Material provided -
···

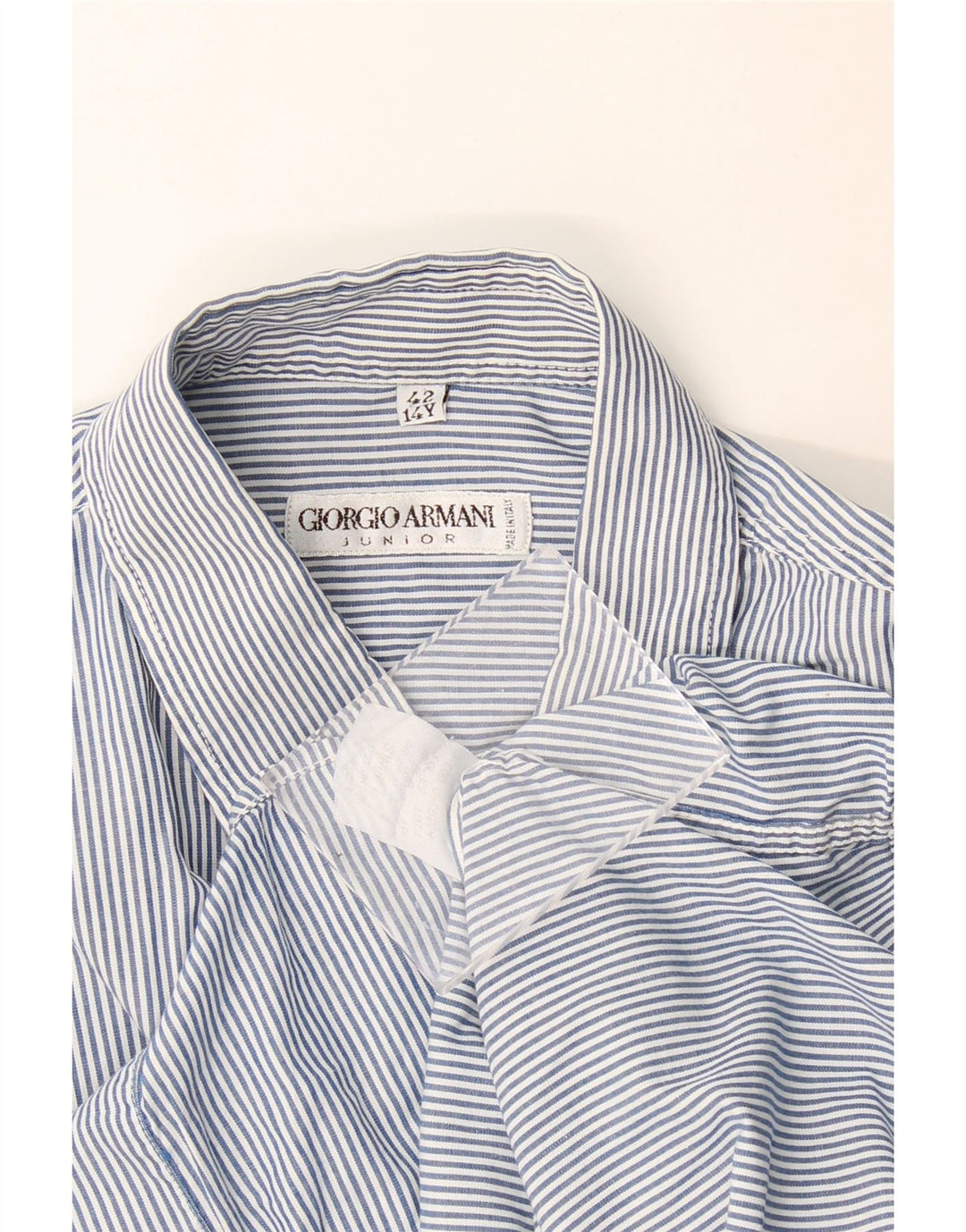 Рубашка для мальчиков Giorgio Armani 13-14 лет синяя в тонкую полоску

···

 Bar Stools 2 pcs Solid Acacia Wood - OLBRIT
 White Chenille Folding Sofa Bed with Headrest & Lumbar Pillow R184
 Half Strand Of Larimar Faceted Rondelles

···

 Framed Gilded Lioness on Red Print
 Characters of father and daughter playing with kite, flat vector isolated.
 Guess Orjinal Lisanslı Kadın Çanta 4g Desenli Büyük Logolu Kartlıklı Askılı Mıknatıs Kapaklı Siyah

···

The problem - Return every line of the preceding records in which the word "with" appears.

Reply -
 White Chenille Folding Sofa Bed with Headrest & Lumbar Pillow R184
 Characters of father and daughter playing with kite, flat vector isolated.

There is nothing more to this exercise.